サラシバ


抜粋@私は架空の人物です。


「ねぇ、実を言えば、私はこの世に存在しないんです。
 私という個人は、所詮、私の内部が作り出した架空の人物に過ぎないんですよ。私の本質なんて、誰にも分かるものではありません。私ですら分からないんですから。あなたは自信を持って「これが私だ」と言えますか?

 私の本質なんてもの、本当は何処にも存在していないんです。あなたが今、会話をしている相手は偽者に過ぎません。

 手を触れれば分かるとか、見れば分かるというのは肉体に限ったことですよ。目を閉じてください。私が沈黙したとき、あなたは私が存在する事を証明できますか?

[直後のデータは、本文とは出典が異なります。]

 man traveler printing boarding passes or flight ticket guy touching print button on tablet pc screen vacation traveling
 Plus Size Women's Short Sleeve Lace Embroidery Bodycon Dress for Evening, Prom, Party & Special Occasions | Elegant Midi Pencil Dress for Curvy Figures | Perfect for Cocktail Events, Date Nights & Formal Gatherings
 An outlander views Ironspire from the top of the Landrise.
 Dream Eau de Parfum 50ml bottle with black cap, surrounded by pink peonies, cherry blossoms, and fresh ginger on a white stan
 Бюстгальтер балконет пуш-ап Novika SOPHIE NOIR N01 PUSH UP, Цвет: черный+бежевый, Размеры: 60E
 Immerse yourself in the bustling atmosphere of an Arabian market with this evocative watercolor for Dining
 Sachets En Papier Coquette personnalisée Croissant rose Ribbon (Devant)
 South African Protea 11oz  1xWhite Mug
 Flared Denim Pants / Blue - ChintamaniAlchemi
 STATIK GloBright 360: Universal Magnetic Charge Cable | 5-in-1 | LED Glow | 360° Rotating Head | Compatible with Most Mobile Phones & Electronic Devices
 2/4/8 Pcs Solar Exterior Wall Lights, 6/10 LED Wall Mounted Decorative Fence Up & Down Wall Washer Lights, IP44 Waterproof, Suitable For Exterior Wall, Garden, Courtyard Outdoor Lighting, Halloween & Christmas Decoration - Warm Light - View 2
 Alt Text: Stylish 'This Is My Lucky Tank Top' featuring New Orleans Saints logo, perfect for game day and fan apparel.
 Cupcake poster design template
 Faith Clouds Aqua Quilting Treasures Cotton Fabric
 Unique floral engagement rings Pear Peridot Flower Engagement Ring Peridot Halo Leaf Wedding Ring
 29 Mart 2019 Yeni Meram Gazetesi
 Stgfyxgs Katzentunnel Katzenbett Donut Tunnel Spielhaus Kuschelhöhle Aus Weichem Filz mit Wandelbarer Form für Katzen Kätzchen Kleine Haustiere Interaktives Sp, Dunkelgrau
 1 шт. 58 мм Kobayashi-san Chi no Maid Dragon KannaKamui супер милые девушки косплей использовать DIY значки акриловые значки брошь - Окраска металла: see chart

 存在するってことはつまり、相互観測によって証明されるんです。私自身で私を観測するか、私以外の誰かに私を観測してもらわないと、私はこの世に存在できないんです。あなたは私を観測できますか?

 でも多分、本質までは観測できないと思いますよ。これは私とあなたの間に限ったことでも、私だから、あなただからというわけでもないんです。私とあなたを含めたこの世のほとんどの人間は、おそらく盲目です。加えて、人間は多面性を持つ生き物です。捉えたと思っても、それはもしかすると、本質ではなくて、私の内部が用意したあなた専用のスケープゴートかも知れないでしょう? それが本質だなんて、一体誰が証明するんです? 本質なんて、誰にも観測できないんですよ。